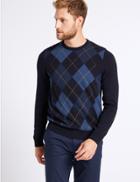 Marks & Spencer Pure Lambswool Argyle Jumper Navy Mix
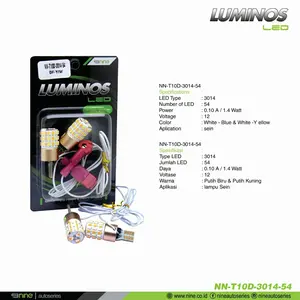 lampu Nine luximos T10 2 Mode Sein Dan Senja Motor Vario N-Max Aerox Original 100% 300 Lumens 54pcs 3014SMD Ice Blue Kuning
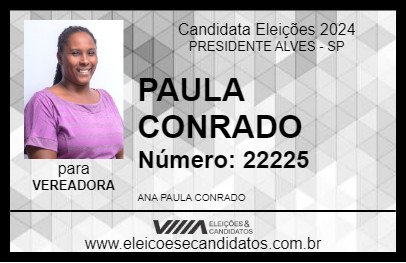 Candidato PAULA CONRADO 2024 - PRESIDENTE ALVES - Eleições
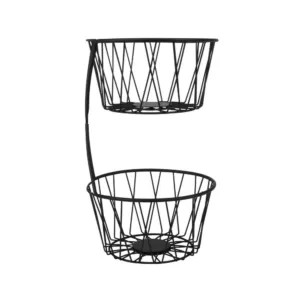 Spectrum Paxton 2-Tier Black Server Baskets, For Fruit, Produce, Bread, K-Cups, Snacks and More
---
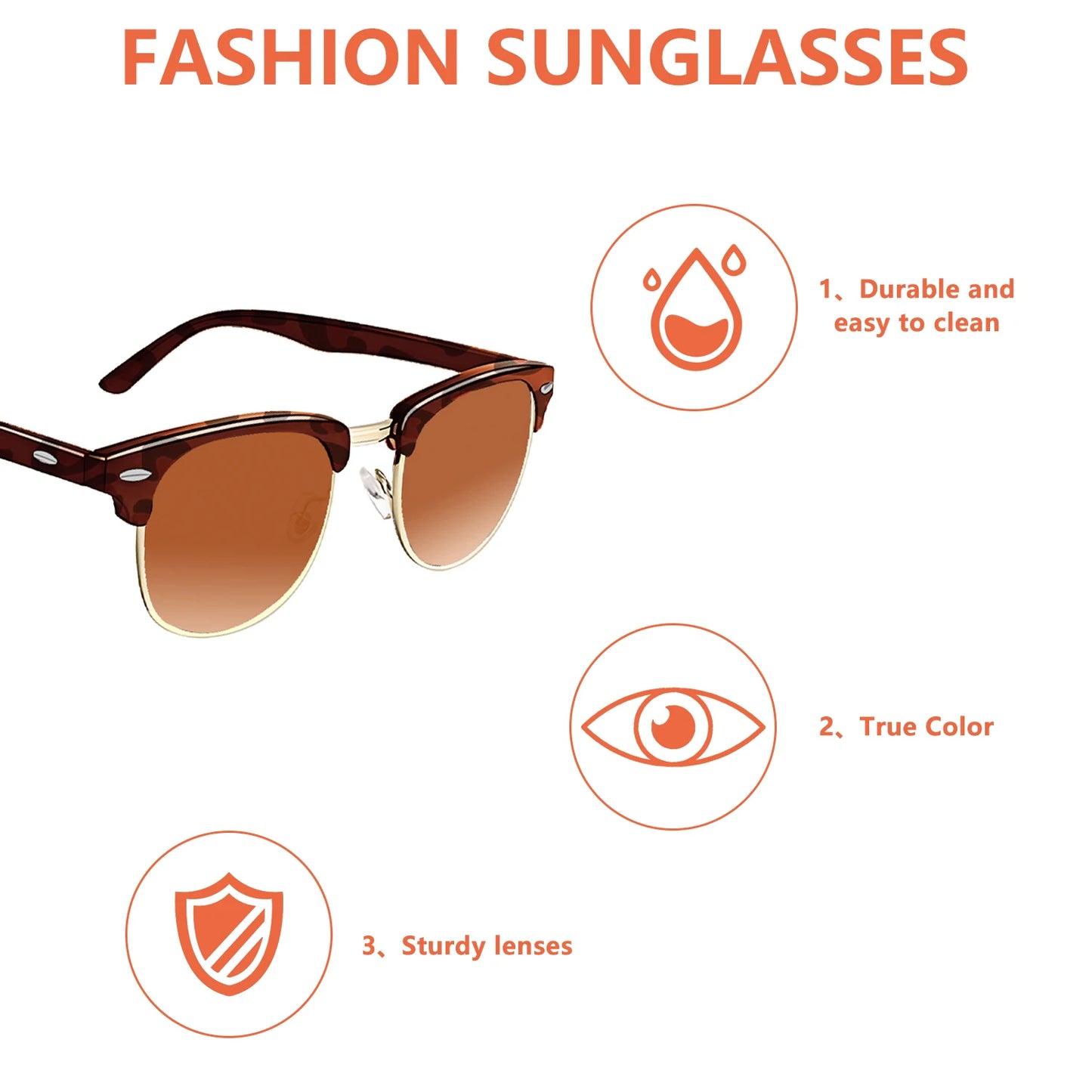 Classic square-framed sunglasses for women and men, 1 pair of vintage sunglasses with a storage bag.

- **WHAT YOU ARE ASKED TO DO**
Take the material above from the line bearing "Marks & Spencer" through the line bearing "Candidato PAULA CONRADO" and write it out exactly, both end lines included. Pictures stay out.

- **ANSWER FOR THE TASK**
 Marks & Spencer Pure Lambswool Argyle Jumper Navy Mix
 lampu Nine luximos T10 2 Mode Sein Dan Senja Motor Vario N-Max Aerox Original 100% 300 Lumens 54pcs 3014SMD Ice Blue Kuning
 Candidato PAULA CONRADO 2024 - PRESIDENTE ALVES - Eleições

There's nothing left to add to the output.